How protein translation evolved from a simple beginning to its complex and accurate contemporary state is unknown. Aminoacyl-tRNA synthetases (AARSs) define the genetic code by activating amino acids and loading them onto cognate tRNAs. As such, their evolutionary history can shed light on early translation. Using structure-based alignments of the conserved core of Class I AARSs, we reconstructed their phylogenetic tree and ancestral states. Unexpectedly, AARSs charging amino acids that are assumed to have emerged later – such as TrpRS and TyrRS or LysRS and CysRS – appear as the earliest splits in the tree; conversely, those AARSs charging abiotic, early-emerging amino acids, e.g. ValRS, seem to have diverged most recently. Furthermore, the inferred Class I ancestor (excluding TrpRS and TyrRS) lacks the residues that mediate selectivity in contemporary AARSs, and appears to be a generalist that could charge a wide range of amino acids. This ancestor subsequently diverged to two clades: “charged” (which gave rise to ArgRS, GluRS, and GlnRS) and “hydrophobics”, which includes CysRS and LysRS as its outgroups. The ancestors of both clades maintain a wide-accepting pocket that could readily diverge to the contemporary, specialized families. Overall, our findings suggest a “generalist-maintaining” model of class I AARS evolution, in which early statistical translation was kept active by a generalist AARS while the evolution of a specialized, accurate translation system took place.
Significance
Aminoacyl-tRNA synthetases (AARS) define the genetic code by linking amino acids with their cognate tRNAs. While contemporary AARSs leverage exquisite molecular recognition and proofreading to ensure translational fidelity, early translation was likely less stringent and operated on a different pool of amino acids.

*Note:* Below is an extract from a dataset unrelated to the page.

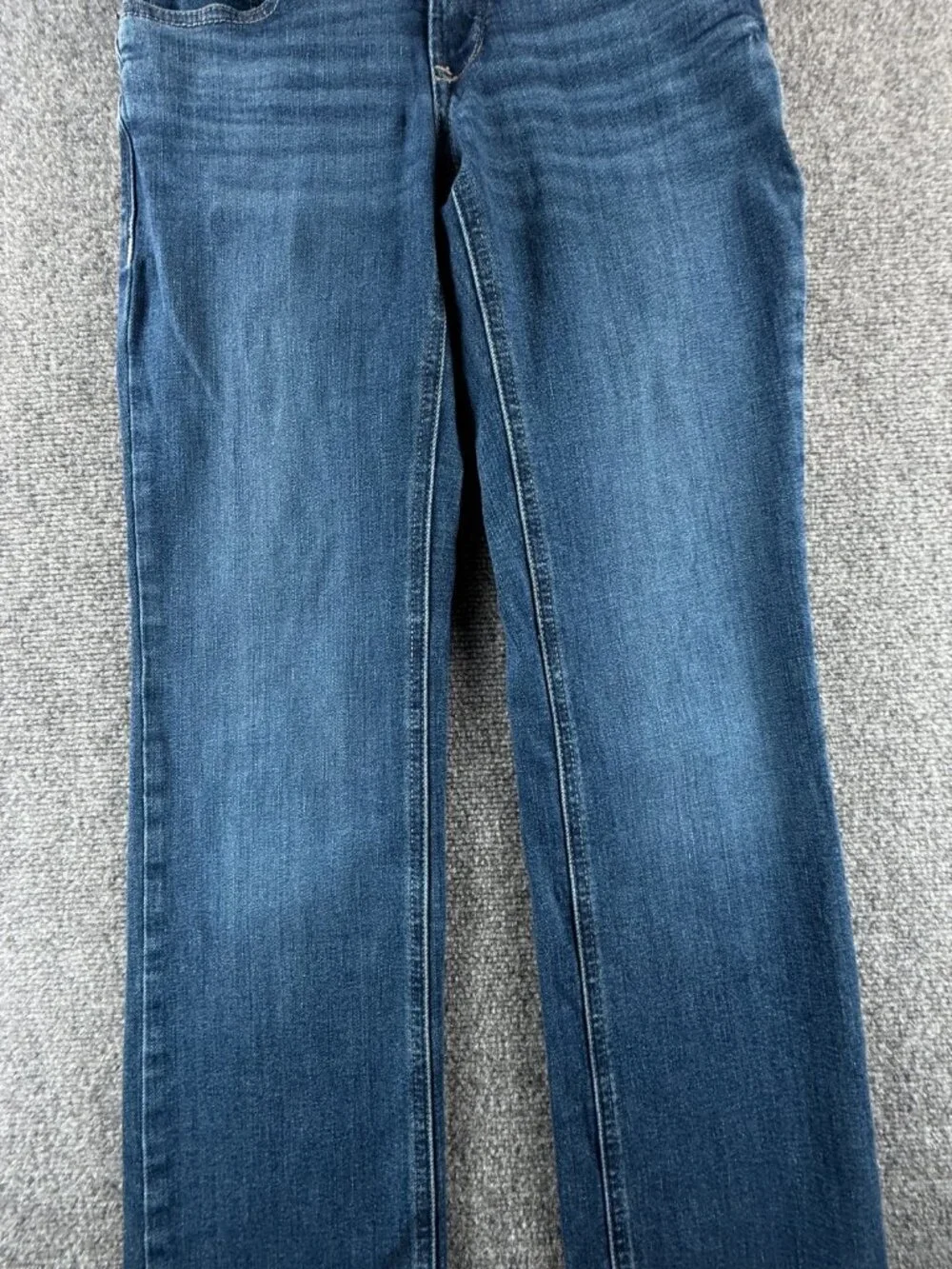 Ariat REAL Jeans Women 27R Denim Mackenzie Straight PR Abby Stretch ACTL 29X32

The co-emergence of translational fidelity and the amino acid alphabet, however, is poorly understood. By inferring the evolutionary history of Class I AARSs we found seemingly conflicting signals: Namely, the oldest AARSs apparently operate on the youngest amino acids. We also observed that the early ancestors had broad amino acid specificities, consistent with a model of statistical translation. Our data suggests that a generalist AARS was actively maintained until complete specialization, thereby resolving the age paradox.